Graph analytics and why it matters

Over the last few years, Gartner has consistently ranked graph analytics, graph processing, knowledge graphs, and context-enriched analysis (e.g. graph neural networks) among its top data science trends. This is because connected data, or graphs, are everywhere. Biochemical pathways, electrical grids, roadmaps, and communications networks are common examples of graphs. Because graphs are everywhere, it stands to reason that graph processing is also everywhere. Operations on such connected data invoke various graph analytics algorithms to extract useful information embedded in the connections. For example, web searches examine the connections among webpages to find the most relevant information. Social networks use friend connections to identify communities of people with similar interests. Mapping software looks for optimal routes in road networks.

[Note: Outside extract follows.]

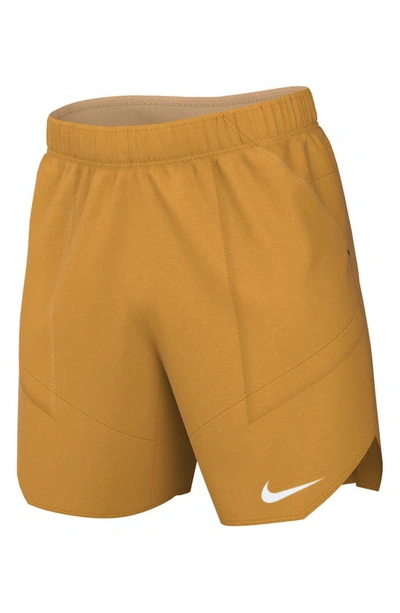 Shop Nike Court Dri-fit Advantage 7" Tennis Shorts In Light Curry/ White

Similarly, the graphs themselves are highly varied. Some are large and some are small. Some are relatively dense while others are very sparse. Some graphs have highly-skewed degree distributions. For example, the X (formerly Twitter) network is skewed because some people have millions of followers while most have only a few. Web graphs, on the other hand, tend to have a high average degree. Road networks often have a high diameter (the length of the path between the most distant nodes). All of these characteristics affect the performance of graph algorithms.

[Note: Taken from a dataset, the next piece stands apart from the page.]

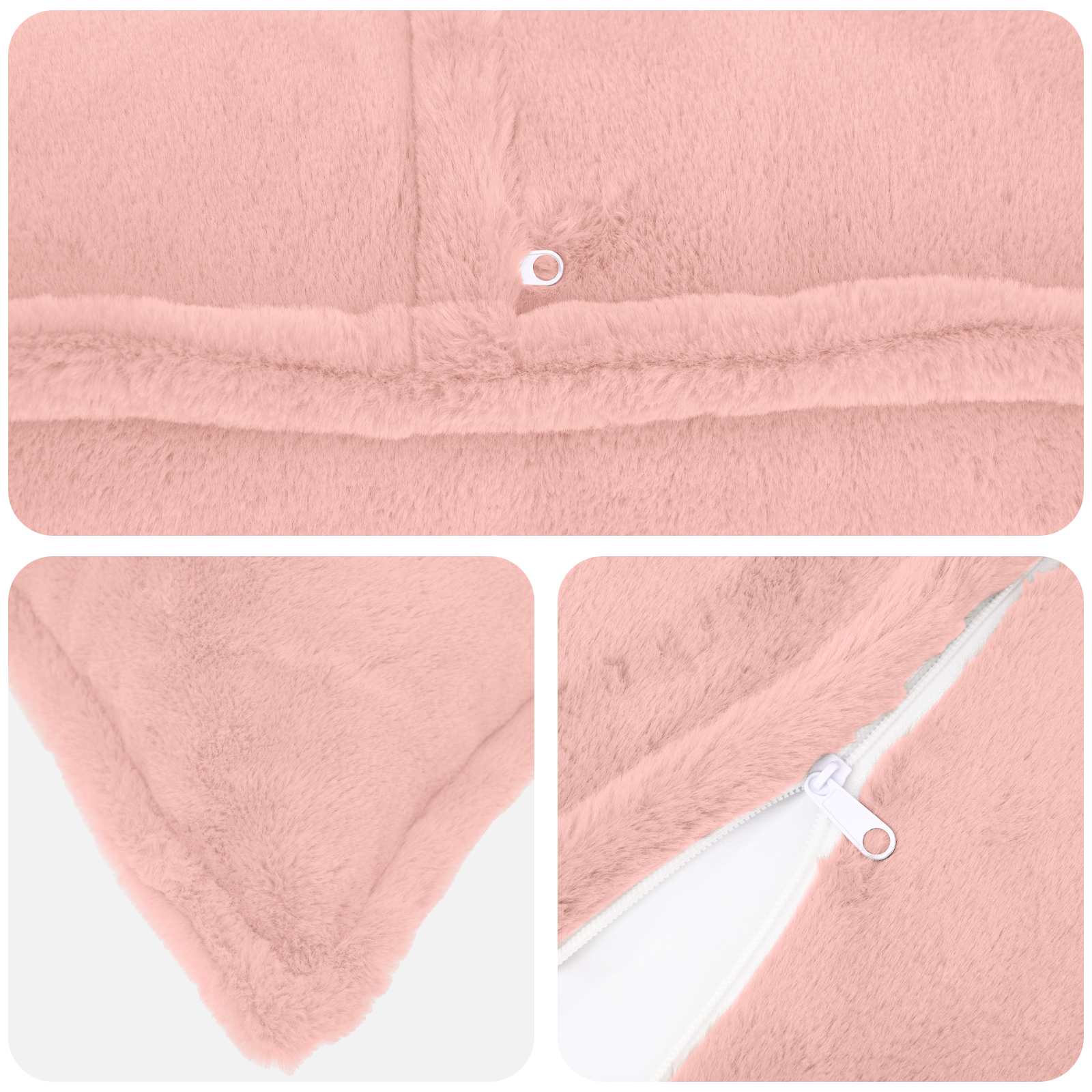 Federa 6 pz HOUTEN Rosa 50 x 50 cm Pelliccia di Coniglio Finta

The computational landscape of graph analytics is very diverse, so no single graph and algorithm pair can represent the entire computational space. Several combinations are needed to give a comprehensive, objective, and reproducible representation of graph analytics performance because optimizations that work well for one graph topology might not work well for others.

GAPBS vs. Graphalytics

Good benchmarks are available to measure the performance of graph analytics software and hardware. The GAP Benchmark Suite from the University of California, Berkeley runs six common algorithms on five graphs with different characteristics to give good coverage of the graph analytics landscape (Beamer et al., 2015). Another advantage is that GAP is easy to run, so it was chosen for a recent comparison of several academic software packages for graph analysis (Azad et al., 2020). However, it does not have automatic correctness checking and its graphs are fixed-size and small by modern standards.

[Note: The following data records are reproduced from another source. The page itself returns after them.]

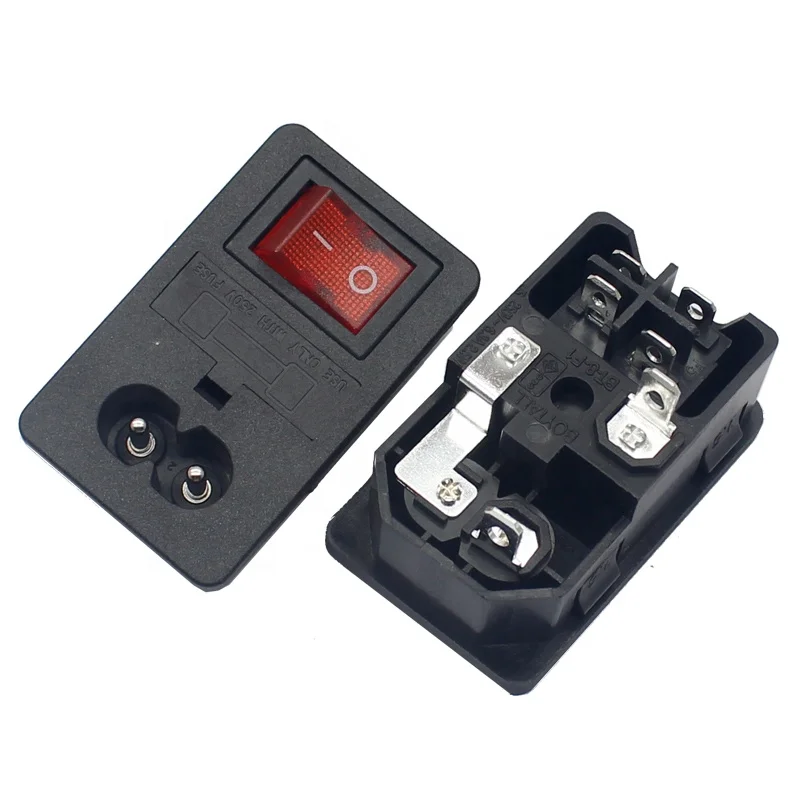 

IEC 320 C8 Power Cord Inlet Socket receptacle connector With on off rocker switch and 10a fuse 250V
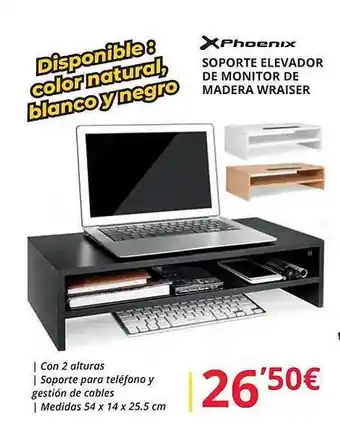 Sporte elevador de monitor de madera wraiser phoenix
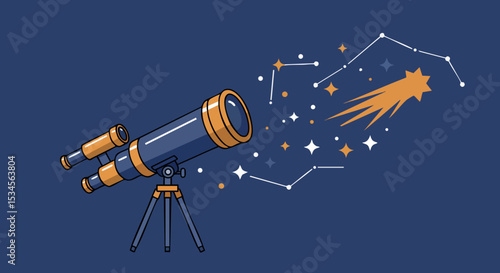 Telescope with constellation and comet illustration in dark blue background vector image 
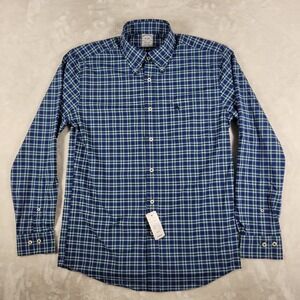 Brooks Brothers‎ Button Down Shirt Men's Small Blue Check Nylon Regular Fit NWT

LDBC Graphalytics is more of an industrial-strength benchmark consisting of “six deterministic algorithms, standard datasets, synthetic dataset generators, and reference output, that enable objective comparison of graph analysis platforms” (Iosup et al., 2016). It is not as easy to run as GAP, but it covers similar regions of the graph analytics landscape and offers a few key advantages. First, it is strictly deterministic and provides reference output to make correctness checking easier. Second, its input graphs are classified by size, some of which are considerably larger than those provided by GAP. Third, the Graphalytics specification is maintained and updated by the LDBC. In 2023, the LDBC sponsored an open competition for graph practitioners to compare their hardware and/or software using Graphalytics. The results of this competition are described in the next section.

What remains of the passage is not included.